Web page caption snippets:
-*-*-

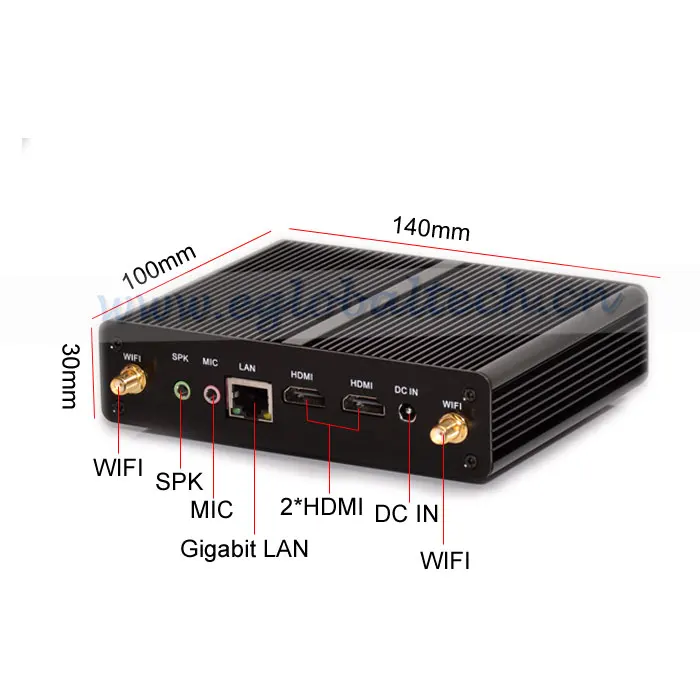 Мини ПК с Windows Celeron Barebone HTPC Intel Nuc Безвентиляторный Компьютер процессор N2810 N2920 J1900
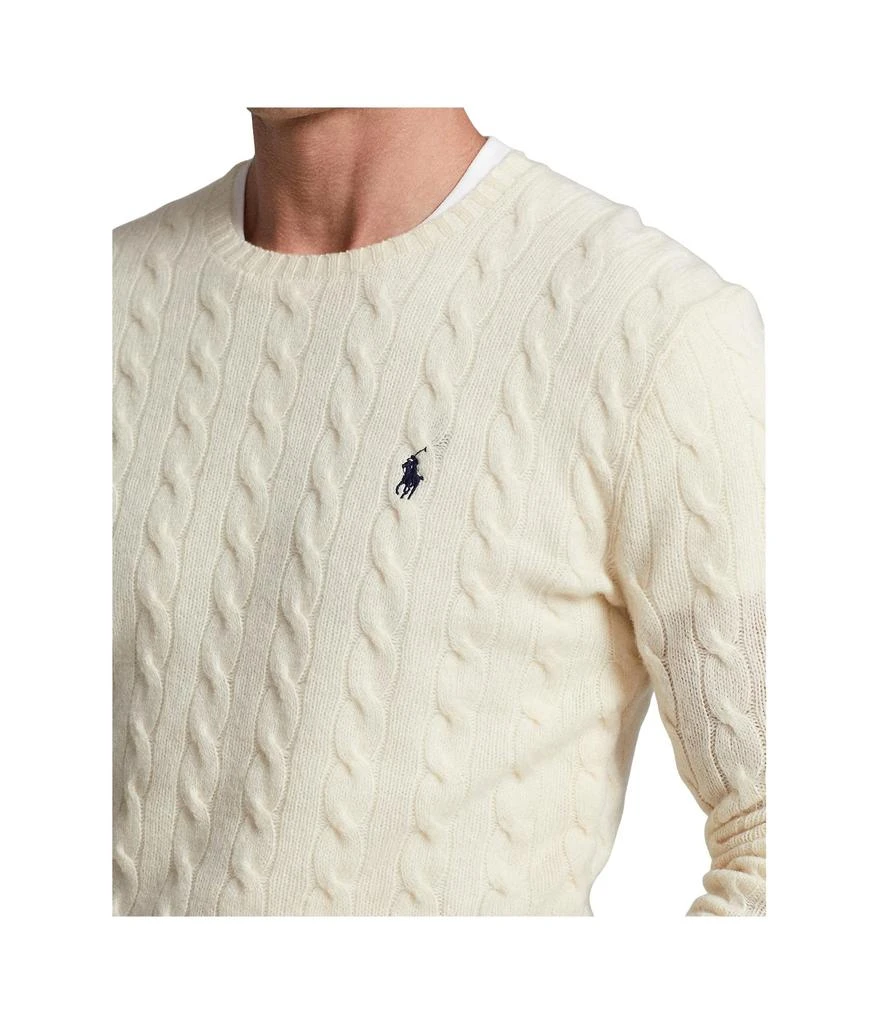 商品Ralph Lauren|Wool-Cashmere Cable-Knit Sweater,价格¥746,第3张图片详细描述
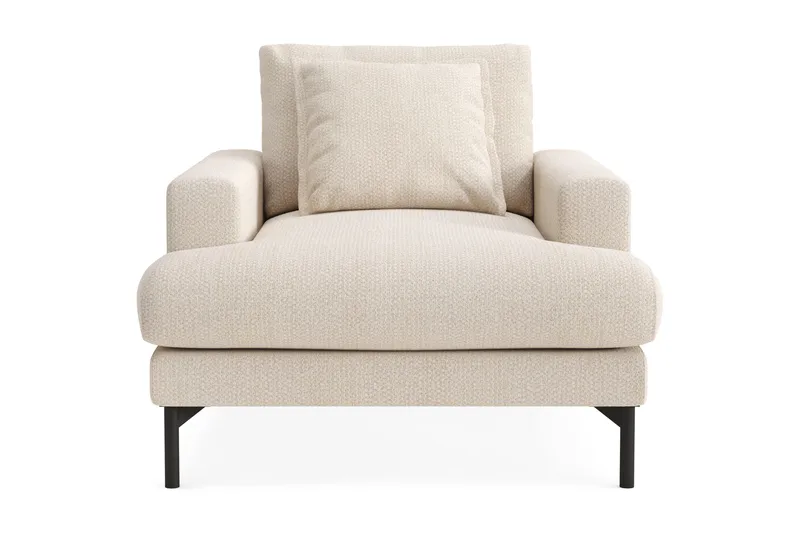 Menard Premium Fåtölj i Chenille - Ljusbeige - Products - Möbler - Fåtölj & stolar - Fåtölj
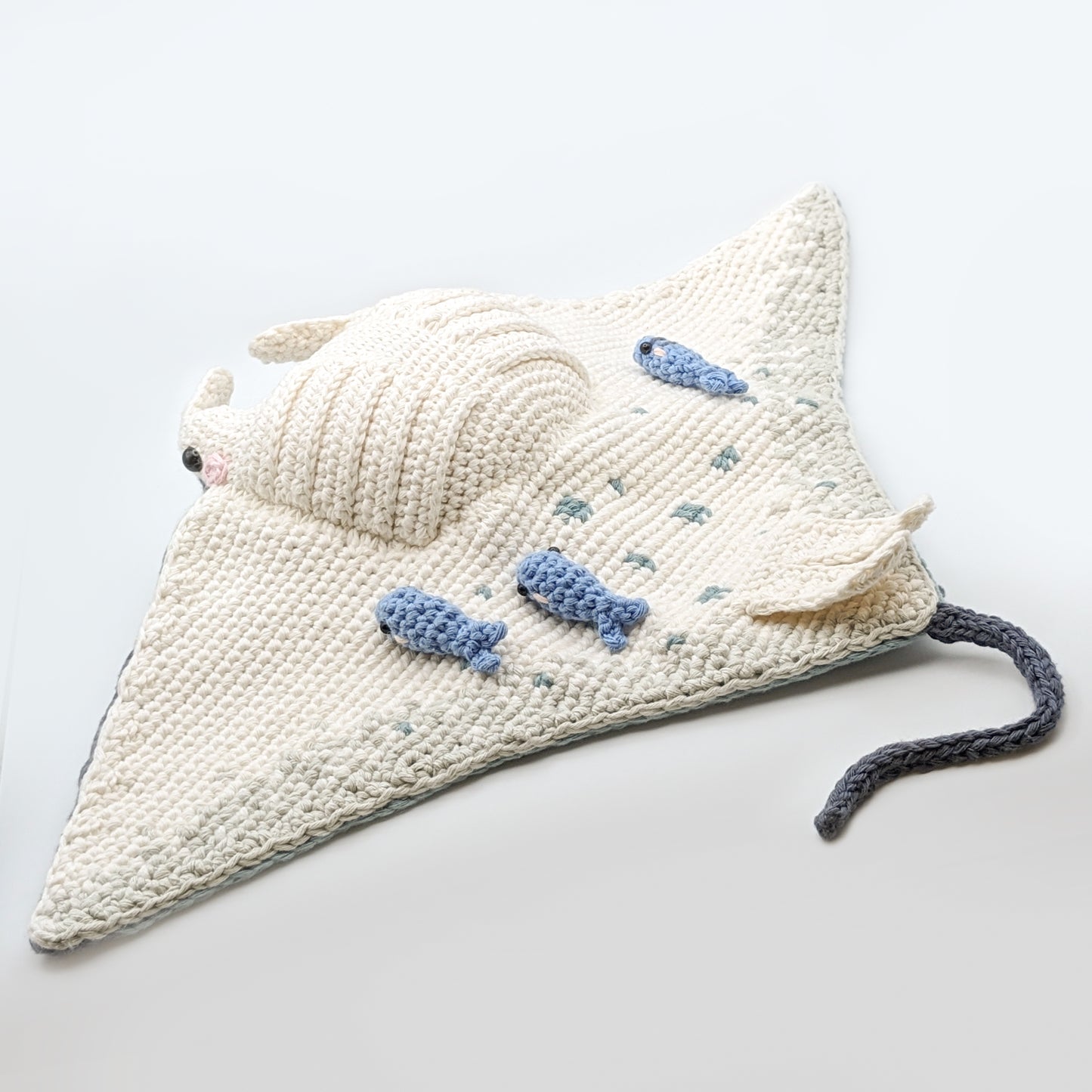 Kailua the Manta Ray - Physical Crochet Pattern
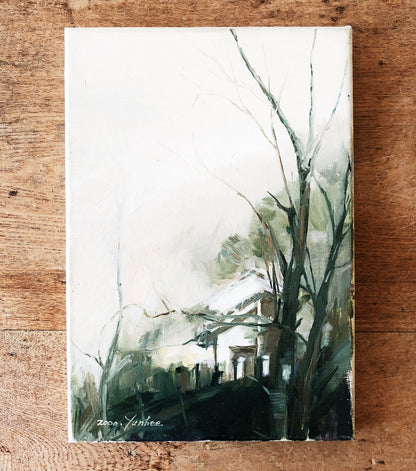 Original Vintage Landscape Painting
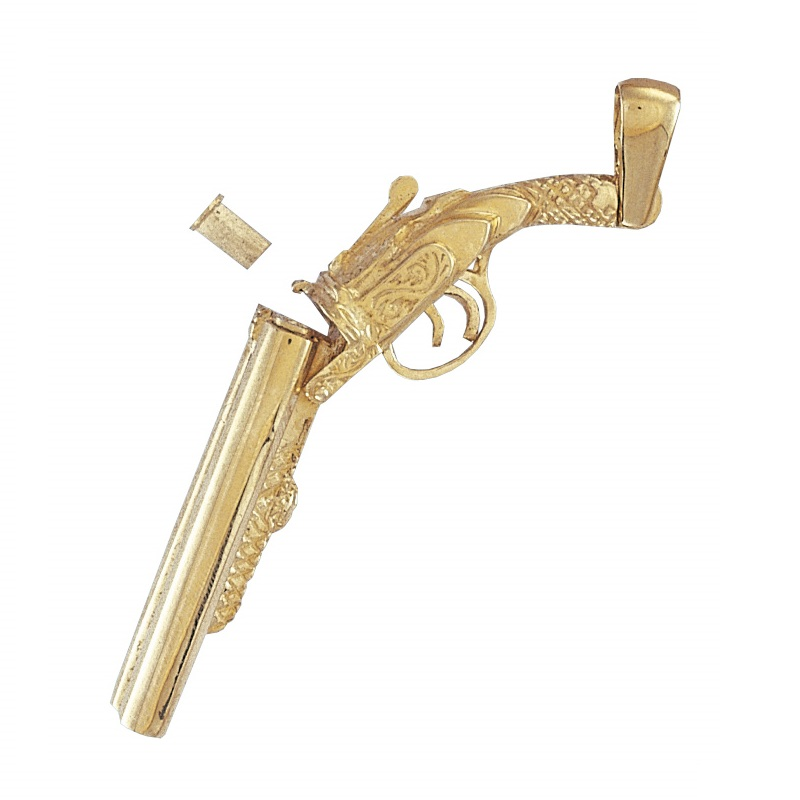 9ct YG Shotgun Pendant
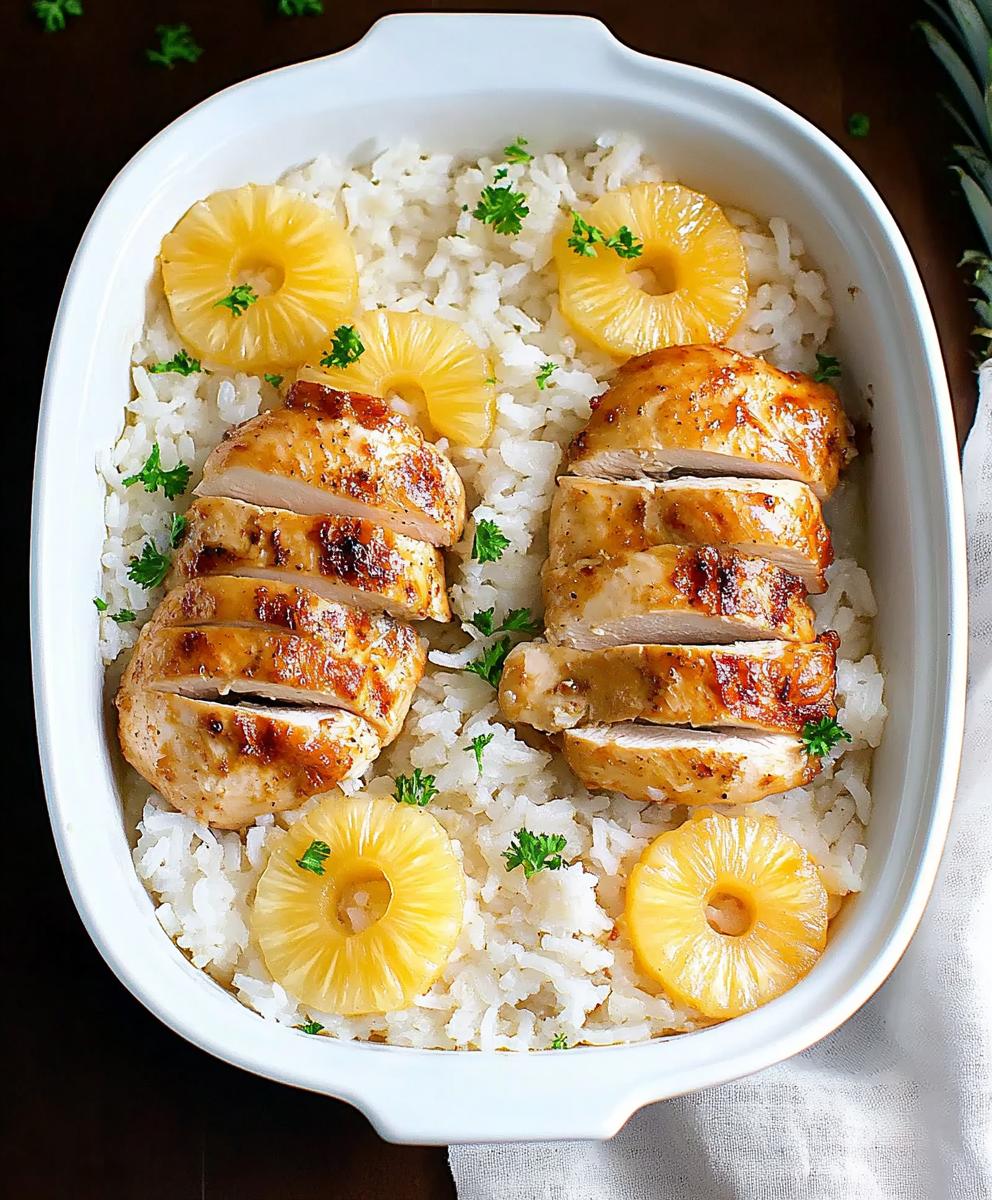 One Pan Pineapple Chicken And Rice Recipe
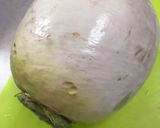 巨大なカブお漬物☆聖護院カブべったら漬け作り方2写真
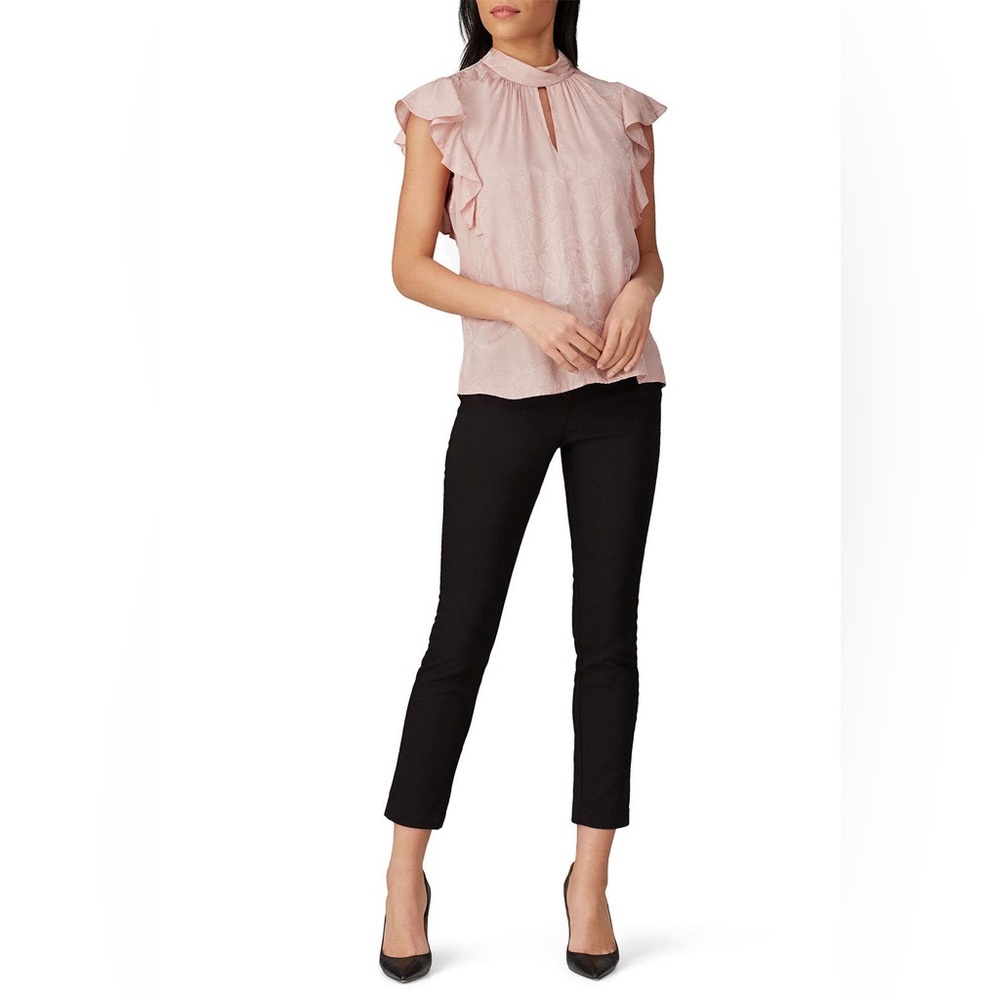 Rebecca Taylor NYC Sleeveless Silk Snake Print Top, Medium Excellent Condition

-*-*-

Your instructions: The answer should be an exact restatement of every entry, with the pictures omitted.

Answer space:
 Мини ПК с Windows Celeron Barebone HTPC Intel Nuc Безвентиляторный Компьютер процессор N2810 N2920 J1900
 商品Ralph Lauren|Wool-Cashmere Cable-Knit Sweater,价格¥746,第3张图片详细描述
 Menard Premium Fåtölj i Chenille - Ljusbeige - Products - Möbler - Fåtölj & stolar - Fåtölj
 Kailua the Manta Ray - Physical Crochet Pattern
 Original Vintage Landscape Painting
 9ct YG Shotgun Pendant
 One Pan Pineapple Chicken And Rice Recipe
 巨大なカブお漬物☆聖護院カブべったら漬け作り方2写真
 Rebecca Taylor NYC Sleeveless Silk Snake Print Top, Medium Excellent Condition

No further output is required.